PROBLEM STATEMENT >>
Using the data below, reproduce exactly the lines from the line with "Seersucker Suit Solid" to the line with "Girls Lehenga Set", both included; pictures must be dropped.

INPUT MATERIAL >>
::::::::
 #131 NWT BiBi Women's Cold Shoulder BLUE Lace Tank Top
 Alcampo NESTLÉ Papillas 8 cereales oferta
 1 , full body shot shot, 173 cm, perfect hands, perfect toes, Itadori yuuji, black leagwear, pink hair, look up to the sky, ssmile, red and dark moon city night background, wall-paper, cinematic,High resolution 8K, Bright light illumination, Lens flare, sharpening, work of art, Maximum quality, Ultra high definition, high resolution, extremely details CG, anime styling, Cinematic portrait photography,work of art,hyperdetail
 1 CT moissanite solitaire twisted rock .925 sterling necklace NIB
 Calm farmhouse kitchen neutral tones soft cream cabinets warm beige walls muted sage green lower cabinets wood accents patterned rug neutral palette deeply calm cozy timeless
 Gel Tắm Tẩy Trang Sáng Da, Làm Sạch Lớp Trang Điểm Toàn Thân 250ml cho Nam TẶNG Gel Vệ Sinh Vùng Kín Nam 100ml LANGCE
::::::::
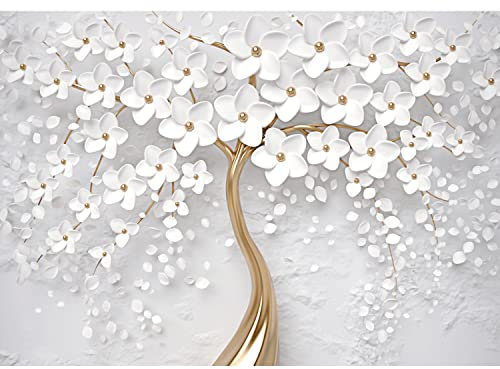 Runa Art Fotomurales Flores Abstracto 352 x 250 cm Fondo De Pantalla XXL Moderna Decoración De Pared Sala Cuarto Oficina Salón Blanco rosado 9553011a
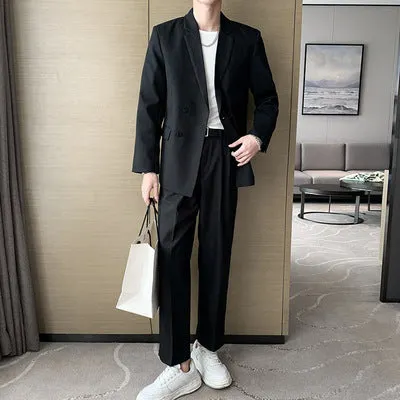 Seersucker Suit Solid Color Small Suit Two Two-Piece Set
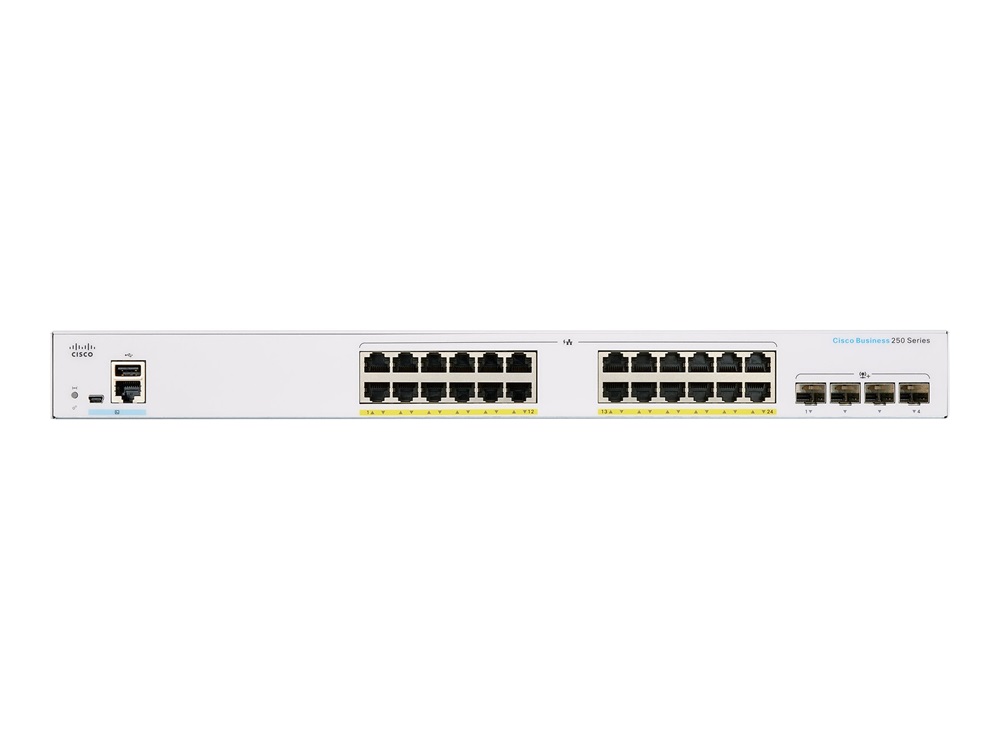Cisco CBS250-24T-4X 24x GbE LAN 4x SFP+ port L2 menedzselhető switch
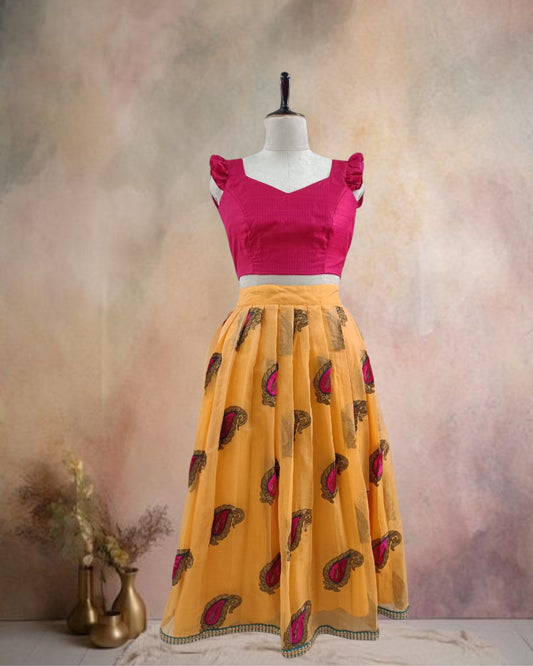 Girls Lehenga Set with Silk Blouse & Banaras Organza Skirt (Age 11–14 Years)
::::::::
OUTPUT OF THE EXERCISE >>
 Seersucker Suit Solid Color Small Suit Two Two-Piece Set
Cisco CBS250-24T-4X 24x GbE LAN 4x SFP+ port L2 menedzselhető switch
 Girls Lehenga Set with Silk Blouse & Banaras Organza Skirt (Age 11–14 Years)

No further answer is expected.